So I was like, okay, how long have I got? And she goes, like, two hours. Can you do two hours?

And so the kids are asleep, I’ve got these two young children, they’re in bed. My wife is sort of pottering around. And I open the laptop and I literally have to write this letter which starts “Dear Bruce”. And to try to write something, which isn’t going to be a 5000 words or anything, it has to be fairly tight, it has to be fairly concise, but it basically has to say, you know, can we have you…

And I thought to myself it sounds like a cliché but this letter is a life changing moment. This is the thing which if this happens my life will change. And if it doesn’t happen, things will be very different.

And so I wrote the letter. And then for the next two or three weeks there was this agonising silence. Absolutely agonising silence. And then in early June I was in Hay on Wye for the book festival. It’s a really massive book festival on the borders of England and Wales and I go there every year.

And so I was there in a little cottage with my wife and kids. And it was a couple of days before my birthday. And I get this phone call from Gurinder and I answer it and she’s singing Happy Birthday to me. And I said, what? And she goes, I’ve got you a birthday present. Bruce has just come back to us and he said, I’m all good with it.

I said, what does that mean? She goes, that’s it. We’ve got him on board. That means we can have the film. The film can go ahead.

So I was just jumping around. I mean, pure exuberation and exhilaration. But the thing is, I want to run upstairs and tell Bridget, my wife, because I’m like, oh my god! This is a journey I’ve gone on with her. But the problem is that I’d had a massive argument with her that night about something really minor. Like I think I’d forgotten to take the bins out and it was the day of bin collection the next day or something. Something minor which had really upset her. So she’d gone to bed in a bit of a huff. And I was like, I wonder if I can wake her up and say, can we just park this petty argument because I’ve got some really big news for you.

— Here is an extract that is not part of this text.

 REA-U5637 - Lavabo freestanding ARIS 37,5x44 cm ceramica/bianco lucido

And I didn’t feel like… She’s not someone that lets it lie for a while. So I thought, no, I think maybe I won’t. So I had to basically celebrate this news on my own jumping around in this cottage in the middle of the border between England and Wales, knowing this exciting news but not being able to share it with anyone.

Valerie

Oh my god! But how exciting. What a moment. I mean, what a moment.

So in the book, in the movie, even though there’s lots of Springsteen in it, it is about family and race and a number of other themes. One of the interesting things that you’ve already touched on is that you had a lot of family pressure to have an arranged marriage. I mean, we’re talking and it’s a bit hard to believe that a Brit like you who’s lived there since you were three years old, certainly way more years than you lived in Pakistan, could be expected to have an arranged marriage. Or that kind of pressure.

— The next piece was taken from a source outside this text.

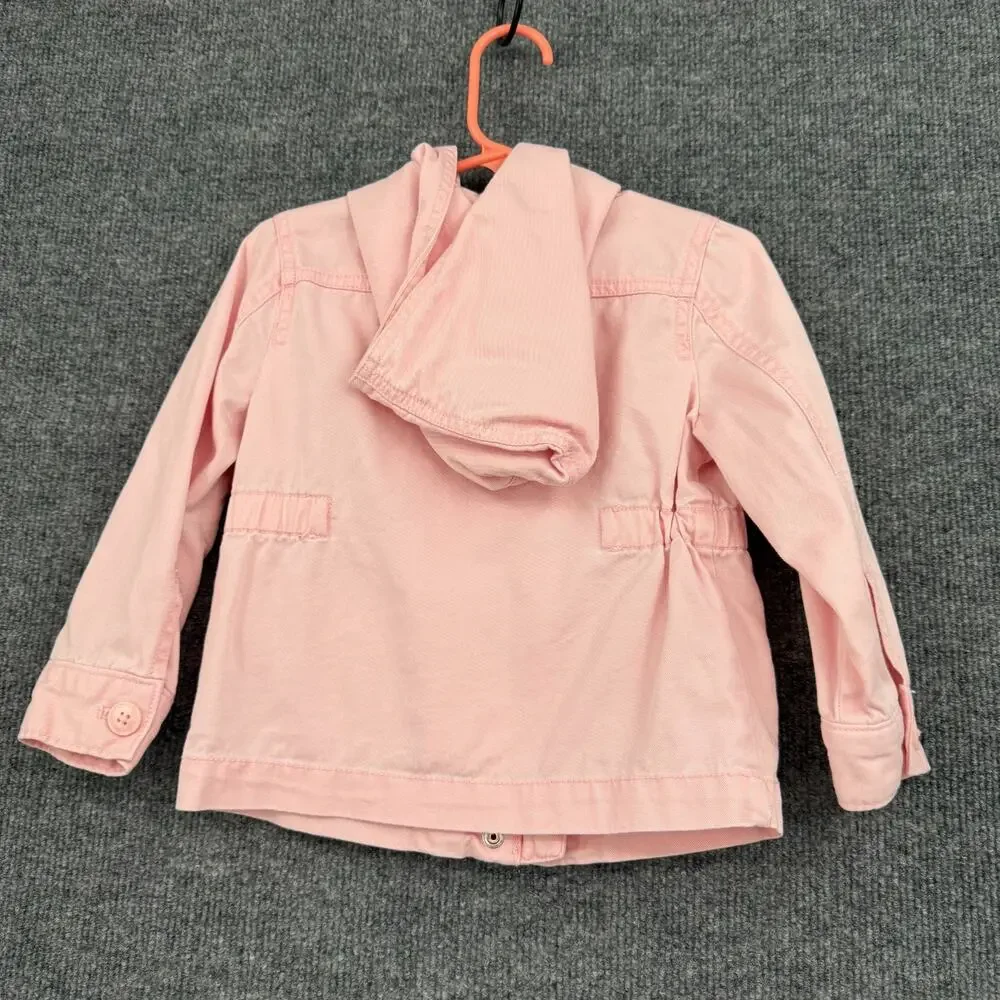 Osh Kosh Girls Cotton Anorak Jacket Size 2T Pink Lightweight Unlined Hooded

And in a sense, Bruce Springsteen’s songs kind of encouraged you to break away from that expectation of an arranged marriage, or at least the pressure that you had to marry a Pakistani woman. Is that right? Because your wife, you’ve mentioned your wife, is Caucasian and non-Muslim. You’re Muslim.

Sarfraz

Yeah.

Valerie

And so that didn’t happen.

Sarfraz

Yeah. I mean it’s true that you think, gosh, how can this stuff still be going on, which is basically what you’re saying. And the reason is because it’s not 2019 in some of these communities. It’s still kind of the mid-70s or the mid-80s.

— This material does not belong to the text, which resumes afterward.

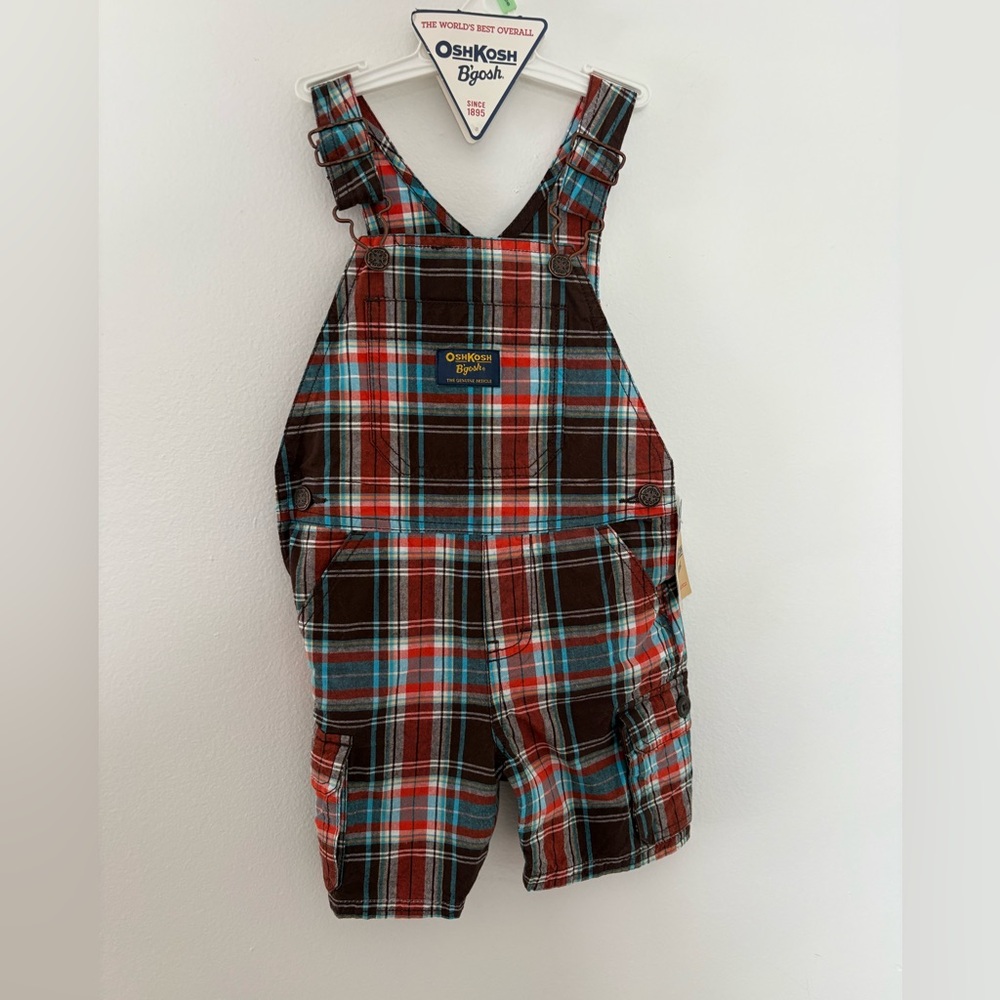 Oshkosh B’gosh Y2K plaid overalls with cargo pockets deadstock new with tag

Because there is a bit of a bubble world. When I go visit my family, you wouldn’t necessarily… The attitudes and the thoughts they’ve got are not that much connected to what’s going on in the rest of the country. So no, I really was expected to have an arranged marriage. And my brother did and my older sister did. So it’s not like… And in fact, the gang I grew up in at college, most people did out of the world I come from.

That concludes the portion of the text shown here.